Le seul indice su’l sort des gardiens, c’tait que le débarcadère du côté ouest de l’île était magané : les garde-corps étaient toutes crochis, un coffre à 33 mètres au-dessus d’la mer avait été défoncé pis c’qu’y avait dedans avait été répandu partout, une roche de plus d’une tonne avait bougé, pis une bande de turf de 10 mètres avait été arrachée du bord d’la falaise. La seule explication plausible : une vague géante avait balayé l’île pis emporté les trois gars.

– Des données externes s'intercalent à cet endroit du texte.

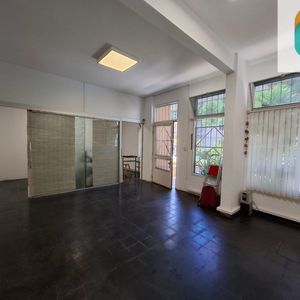 Alquiler Local Comercial En Pocitos 80 M2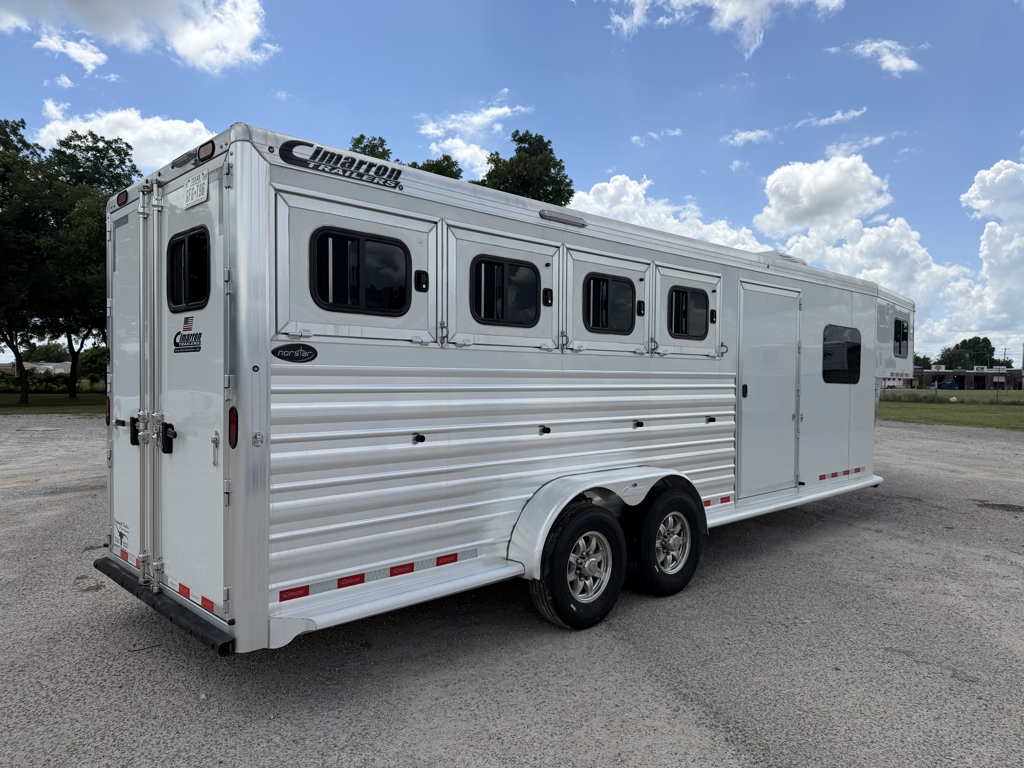 Trailer Photo 11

Dernier exemple : une vague scélérate qui aurait pu changer l’histoire. Pendant la Deuxième Guerre mondiale, le Queen Mary, méga paquebot de luxe, servait de navire de transport des troupes pour l’armée américaine. Le 11 décembre 1942, y’avait à bord, tenez-vous ben, 10 389 soldats pis 950 membres d’équipage cordés comme des sardines. Ça fait du monde en viarge, ça.

Le Queen Mary approchait de l’Irlande quand y fut pogné dans une tempête. Ça brassait en tabarouette – le navire montait pis tombait l’équivalent de plusieurs étages à chaque grosse vague qu’y rencontrait. Pour ben des gars à bord, c’tait leu premier voyage su l’océan, faique ben vite, l’odeur du vomi s’répandit dans toutes les cabines pis les passages.
Pis un m’ment’né, FLÂWK! Un vague scélérate fessa le côté du Queen Mary à tribord. Une vague, ça se pogne ben de face, mais su’l flanc, c’est moins drôle. Des hublots pétèrent pis l’eau entra dans les cabines. Le paquebot pencha de 10 degrés, puis 15, 30, 40… jusqu’à 52 degrés, tellement bas que les chaloupes de sauvetage à bâbord lichaient pratiquement la surface de l’océan. Vous imaginez-vous comment ça devait être épeurant? Y’eut même des gars qui étaient convaincus que le navire avait mangé une torpille.

Pendant une éternité, le navire resta penché d’même su l’eau. Pis lentement, comme un pépère qui s’arlève en grognant après avoir pris une débarque, le Queen Mary s’armit drette, continua son chemin pis finit par mener sa cargaison humaine à bon port.
Les ingénieurs qui tchéquèrent le Queen Mary au port calculèrent que si y’avait penché yinque 3 degrés de plus, y’aurait coulé sans que personne à bord ait l’temps de se sauver. Ça aurait fait 11 339 morts! Le Titanic aurait eu l’air de d’la p’tite bière à côté.
Si le Queen Mary avait coulé à c’te moment-là, ça aurait pu changer l’histoire : pendant la guerre, y’a transporté environ 800 000 soldats au total, des tonnes d’équipement, pis même Winston Churchill, un moment donné. Y s’rait arrivé quoi, pu de Queen Mary? La question s’pose.
Faique, heille, une p’tite croisière, ça vous tente?